In [1]:
import pandas as pd
from sklearn.preprocessing import PolynomialFeatures
import numpy as np
import os

# Load scaled data
df = pd.read_csv('../../data/processed/scaled_data.csv')

# Separate numeric columns
numeric_cols = df.select_dtypes(include=['int64', 'float64']).columns.tolist()

df.head()

Unnamed: 0,longitude,latitude,housing_median_age,total_rooms,total_bedrooms,population,households,median_income,median_house_value,ocean_proximity
0,-1.327835,1.052548,0.982143,-1.117285,-1.309916,-1.325821,-1.291972,2.541006,2.129631,NEAR BAY
1,-1.322844,1.043185,-0.607019,2.329936,2.12869,1.389936,2.348314,2.541006,1.314156,NEAR BAY
2,-1.332827,1.038503,1.856182,-0.697327,-1.095223,-1.098528,-1.099883,2.085156,1.258693,NEAR BAY
3,-1.337818,1.038503,1.856182,-0.835405,-0.936843,-1.017539,-0.941691,1.111288,1.1651,NEAR BAY
4,-1.337818,1.038503,1.856182,-0.582857,-0.778463,-1.008395,-0.791033,0.027262,1.1729,NEAR BAY


In [2]:
# Create polynomial features (degree=2)
poly = PolynomialFeatures(degree=2, interaction_only=False, include_bias=False)
df_poly = poly.fit_transform(df[numeric_cols])

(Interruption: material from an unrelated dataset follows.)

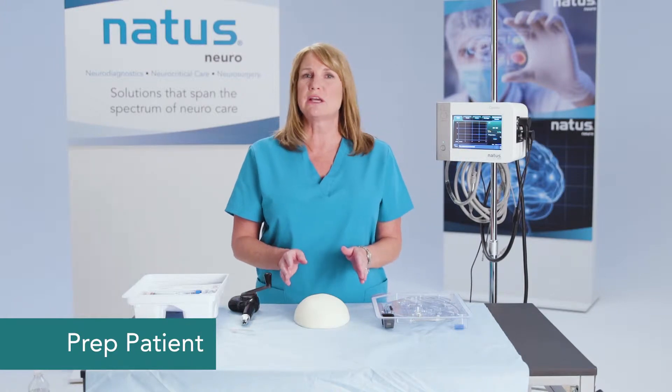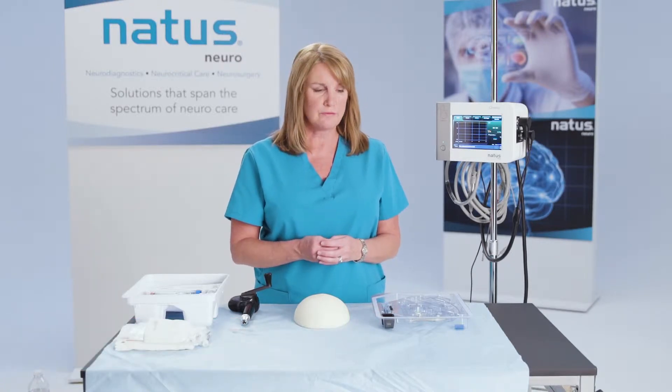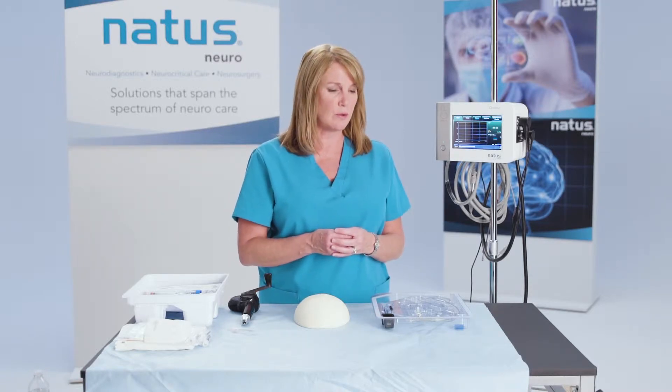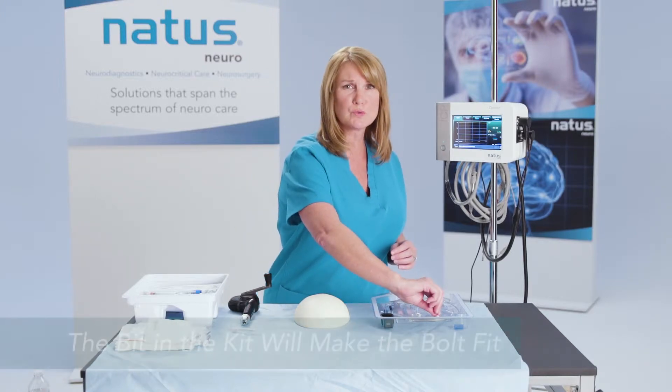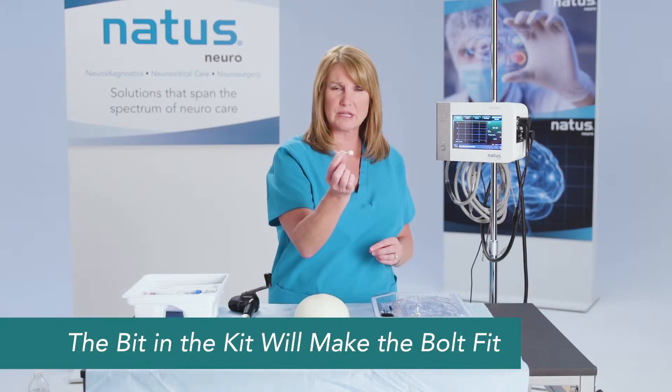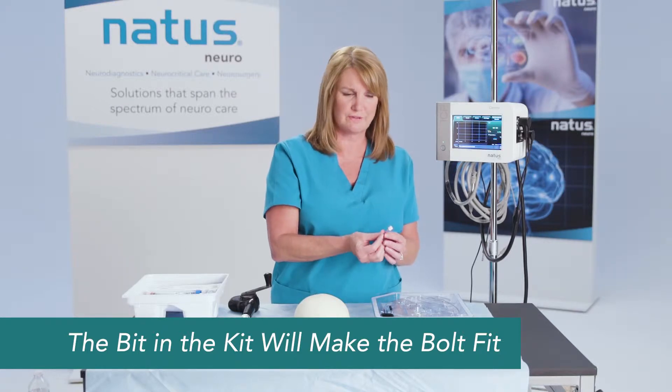You'll prep the patient like you normally would and find the landmark where you want to access through the skull. The first thing you're going to want to do is make your stab incision through the scalp, and then you're going to need to open up that skull. You want to use the drill bit that comes in the catheter kit — the bit in the kit will make the bolt fit.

print("Original shape:", df[numeric_cols].shape)
print("Polynomial features shape:", df_poly.shape)

Original shape: (20640, 9)
Polynomial features shape: (20640, 54)


In [3]:
skewed_cols = df[numeric_cols].apply(lambda x: x.skew()).sort_values(ascending=False)
skewed_cols = skewed_cols[abs(skewed_cols) > 0.5].index.tolist()  # threshold skew > 0.5

for col in skewed_cols:
    df[col] = df[col].apply(lambda x: np.log1p(x))  # log(1+x) to handle zeros

print("Applied log transformation to skewed columns:", skewed_cols)

Applied log transformation to skewed columns: ['median_house_value', 'total_bedrooms', 'households', 'total_rooms', 'population', 'median_income']


  df[col] = df[col].apply(lambda x: np.log1p(x))  # log(1+x) to handle zeros


In [4]:
os.makedirs('../../data/processed', exist_ok=True)

df.to_csv('../../data/processed/transformed_data.csv', index=False)
print("Transformed dataset saved successfully!")

Transformed dataset saved successfully!